La Eucaristía, fuente de vida y fortaleza, en la que celebramos la Muerte y Resurrección de Jesucristo, es hoy para nosotros un momento especial de gozo y alegría por unir a ese gran Misterio de amor la muerte y la resurrección de nuestra  Hermana Sor Vicenta.

Ella, como buena Hija de la Caridad, supo cumplir tu mandato de IR y ANUNCIAR la Buena Nueva a los Pobres.

Empezó su trayectoria como enfermera en el Hospital de las Cinco Llagas en Sevilla, y luego a una edad muy temprana partió a tierras  de Misión.

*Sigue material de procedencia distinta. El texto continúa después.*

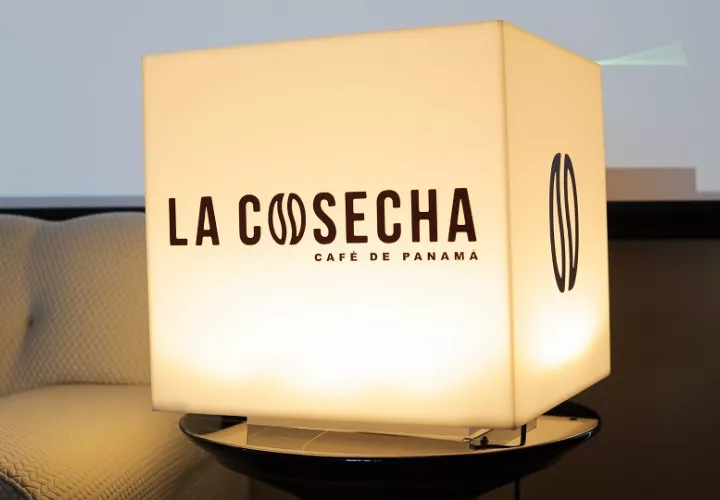 La Cosecha 2026 de café panameño como símbolo de identidad y proyección internacional.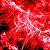 :iconsgtd34d:
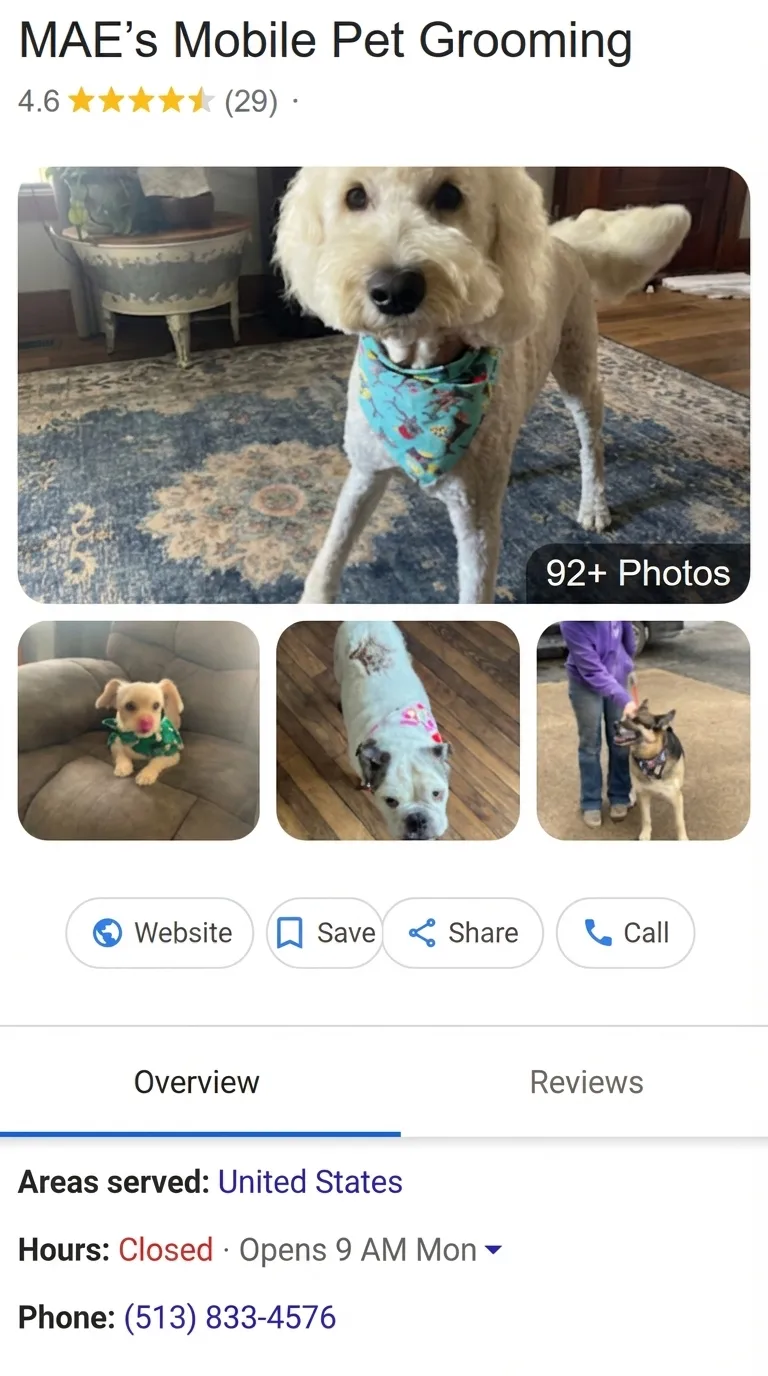 MAE's Mobile Pet Grooming Google profile before: 29 reviews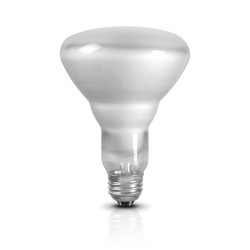 REFLECTOR 75W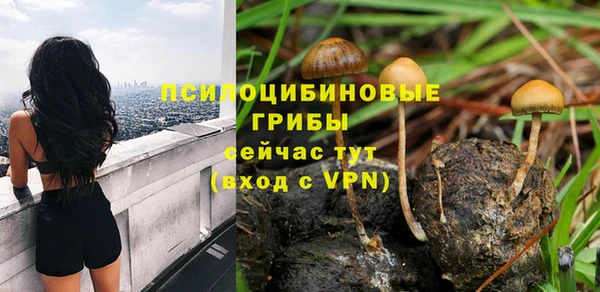 гидра Армянск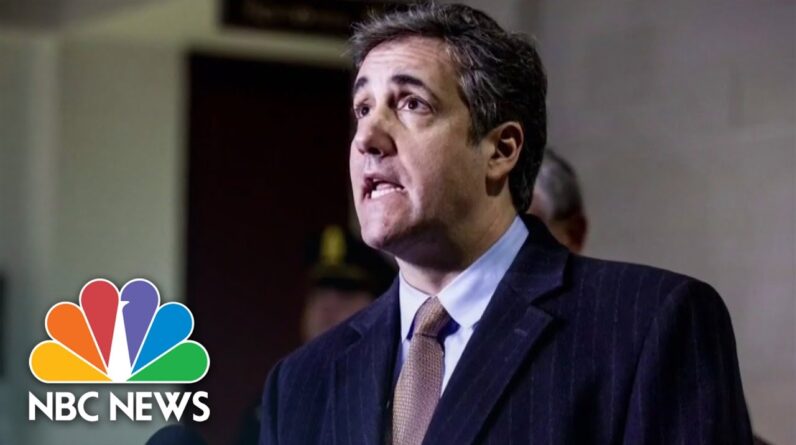 Cohen Claims Trump Knew About Altercation Between Security, Protesters In 2015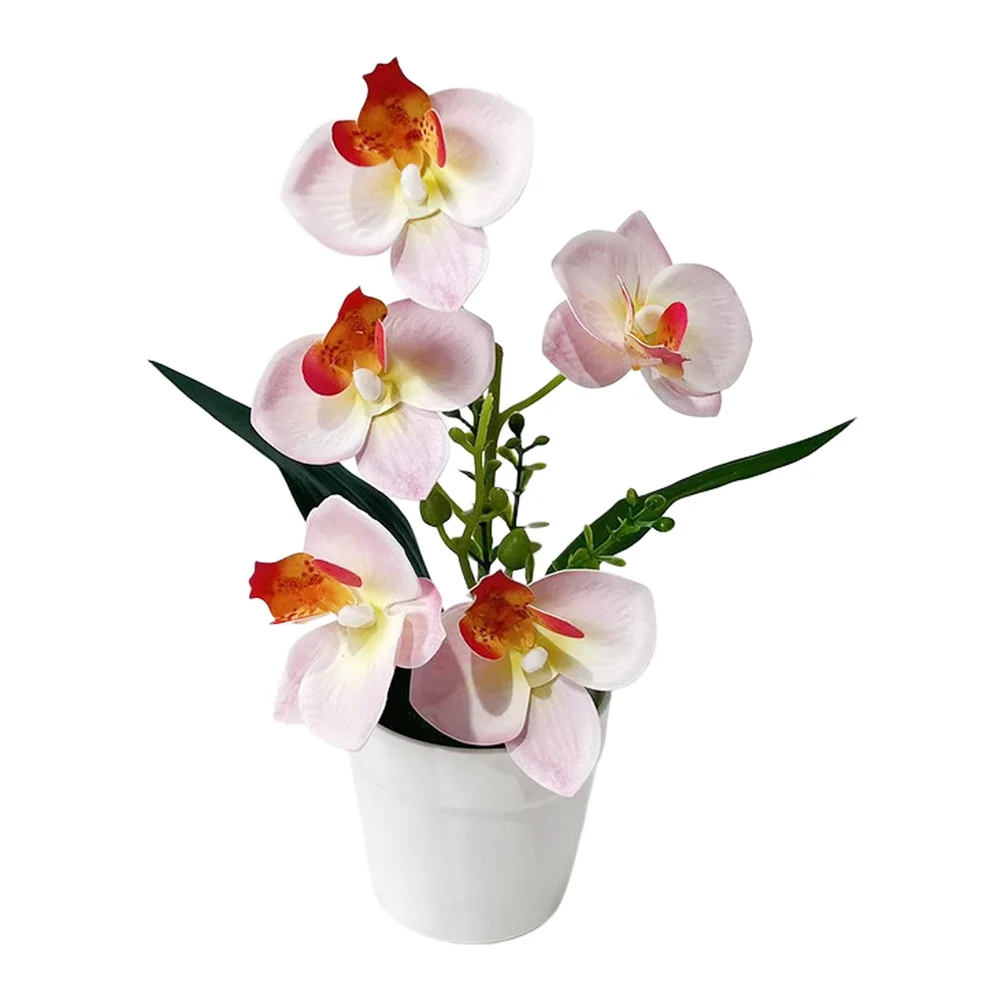 Indoor Butterfly Orchid Model in Pot for Styling Consistency Soft PE Silk Petals and Structurally Accurate Stem Support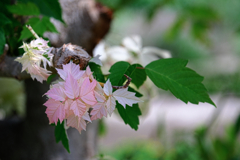 久し振りのヒーリングガーデン＃８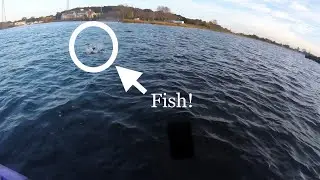 Tautog Mission BLOWN UP By Top Water Stripers! Kayak Fishing Providence, RI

En la India entregó la mayor parte de su vida a aquellos pobres y enfermos, que acogió con toda la fuerza de su corazón en un darse sin límites, proclamando con su servicio humilde y sencillo la hermosura de tu Reino. Otros países también pudieron gozar de su presencia y de su amor hecho servicio.

Le caracterizaba la fidelidad en los actos comunitarios y la devoción y el amor a la Virgen María, a la que acudía con confianza y mucha constancia, por eso ha sido Ella quien la ha acogido en su día del Pilar, para presentársela a Dios.

Sor Vicenta era una persona muy comunicativa y dialogante, le gustaba estar informada de todo lo que ocurría en la Provincia y en la Comunidad; a pesar de sus años, el espíritu lo mantenía y sentía  joven, le encantaba relacionarse con los pobres y dejarse ayudar por ellos.

Su familia era para ella un puntal fuerte, gozaba con sus visitas, atenciones y llamadas telefónicas, sobre todo su primo Alejandro, que tiene para ella un especial cariño.

Gracias, Sor Vicenta, por los años compartidos con nosotras. Ya se cumplió tu deseo de encontrarte con el Padre. Descansa y goza de la invitación que habrás sentido en muchos momentos de tu vida:

“Ven, bendita de mi Padre, porque tuve hambre y me distes de comer

Tuve sed y me distes de beber”

Pide al Señor, que ya tan cerca estas de Él, envíe vocaciones a la Compañía,  bendiga nuestra Provincia, donde siempre te recordaremos con cariño, y pídele también  por las niñas y todo el personal que te atendió con tanta delicadeza.

Con estos sentimientos  comenzamos a celebrar unidos  la Eucaristía.